By and large, De Pasquale dominated proceedings in the four-part Sydney swing. Picture: Ross Gibb

3) Anton De Pasquale – Dick Johnson Racing
Championship finish: 6th
Highlights: 11 pole positions

Expectations of Anton De Pasquale heading into his first season at Dick Johnson Racing were high, perhaps disproportionately so.

Fresh from his third season at Erebus Motorsport, De Pasquale often found himself compared to his predecessor Scott McLaughlin.

Did pressure play a part? A DNF in the opening race through an error on the 26-year-old’s part set the tone of a season which only really hit its stride late in the piece.

The seemingly infallible team stuttered early. An engine failure, something almost unheard of in DJR land, brought about De Pasquale’s second DNF at Sandown.

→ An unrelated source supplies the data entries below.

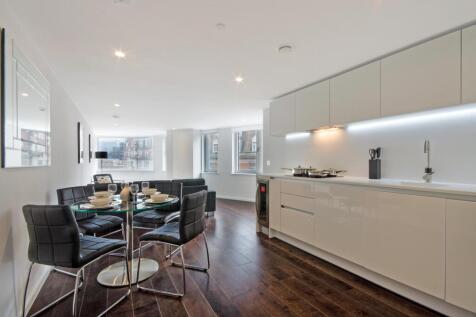 Kitchen (Main)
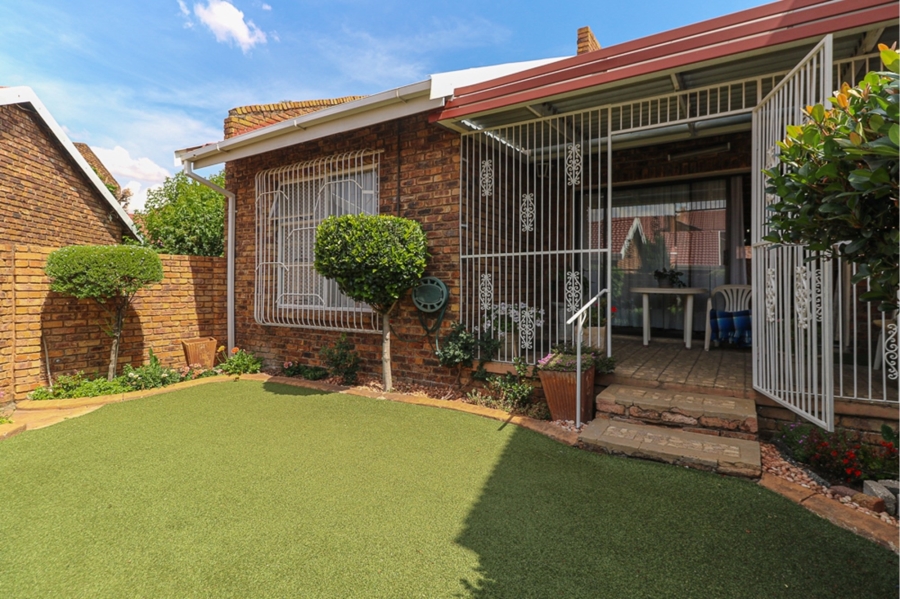 2 Bedroom Property for Sale in Petersfield Gauteng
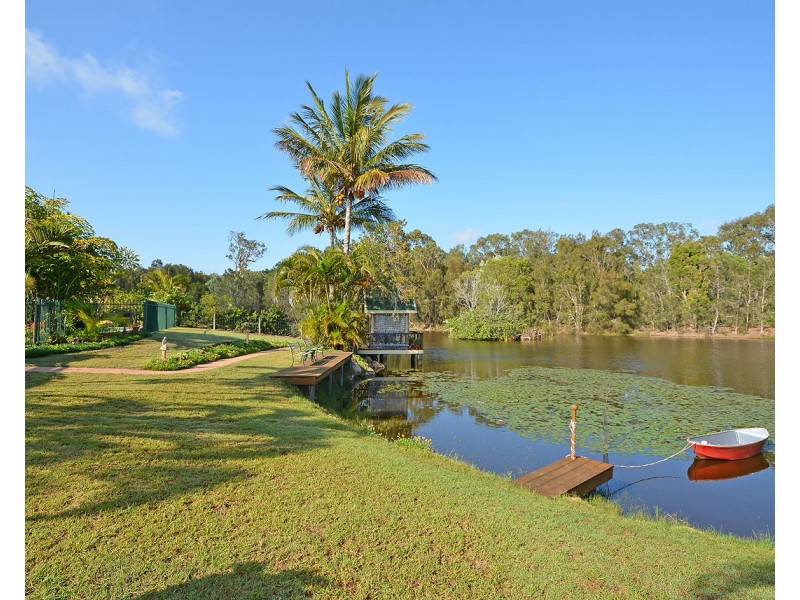 5-7 Arkarra Court, Dundowran Beach QLD 4655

Another would come at The Bend, just hours after scoring his first win with the team.

It was a rocky ride up until Sydney where De Pasquale really hit his stride, topping 22 of 32 sessions in the four-event run.

Although the lion’s share of his success came in Sydney, it’s perhaps a taste of what might come in 2022.

Lee Holdsworth (left) and Chaz Mostert celebrate their Bathurst 1000 win. Picture: Daniel Kalisz

2) Chaz Mostert – Walkinshaw Andretti United
Championship finish: 3rd
Highlight: Bathurst 1000 win

If not the championship, then winning the Bathurst 1000 is the next best thing in Supercars.

Mostert capped off a solid second season with Walkinshaw Andretti United with victory in the Great Race and third in the drivers’ championship.

Although only twice a race winner in 2021, Mostert was consistently in the mix for podiums.

Finishes inside the top five, but not on the podium, totalled seven for Mostert this year. That really summed up his season – there or thereabouts on the fringe of the fight up the front.

If van Gisbergen’s conclusion to the 2020 season is anything to go by, then Mostert should be one to watch in 2022.

Shane van Gisbergen won three races at Sandown with several broken bones. Picture: Mark Horsburgh

1) Shane van Gisbergen – Triple Eight Race Engineering
Championship finish: 1st
Highlight: 14 wins

There’s not a lot that needs to be said about Shane van Gisbergen’s all-dominant championship win.

A total of 14 wins plus nine second or third place finishes from 31 races paints a clear picture that 2021 was all about the Kiwi.

It all started with his 2020 Bathurst 1000 win alongside Garth Tander, momentum which he took across the ditch where he would win on home soil in rally and single-seater competition.

Van Gisbergen set the tone with six straight wins across Mount Panorama, Sandown, and Symmons Plains.

Undoubtedly, that win from 17th on the grid at Sandown fresh from breaking his collarbone and ribs was the standout performance of the year.

If that couldn’t stop him, no one would. Indeed, van Gisbergen would walk away with the championship, winning it with a round to spare.